珍しく昼間っから三人が集まったところでどうせ全員ダメ人間なのだから、やることなんて酒盛りしかなかった。そこまではまぁ、いい。もうしょうがない。肝心なのはその日が今にも雷の落ちそうな曇り空だったということと、家主のわたしや口うるさい坂田さんではなく全蔵くんが珍しくテレビのリモコンを手にしたということだ。それをわたしと坂田さんは後にむちゃくちゃ後悔することになる。どうしてふたりで追加の買い出しになんて出掛けたんだろう、と。

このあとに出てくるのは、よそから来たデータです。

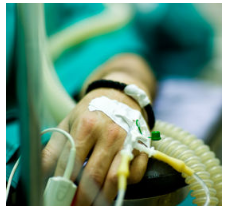 Bạn nhìn thế giới với đôi mắt nào?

「ただいまー、ってあれ?リビング電気ついてな、い・・・」
「寝てんじゃね?オーイ酒とつまみ買ってきたぞ〜起、き、」

コンビニで見つけた戦利品(チョコエッグ)を手に持っていたわたしたちは、リビングの光景に気付いて同時にそれをぶん投げた。嘘でしょ、そんなまさか、だって昼じゃん。浮かぶ言葉は声にならないーーもちろん恐怖で。

「おお、悪ィなふたりとも」

全蔵くんはしっかり起きていた。ソファから顔を覗かせてニィッと口を釣り上げている。いやいや、怖いのはそんなところじゃなくて。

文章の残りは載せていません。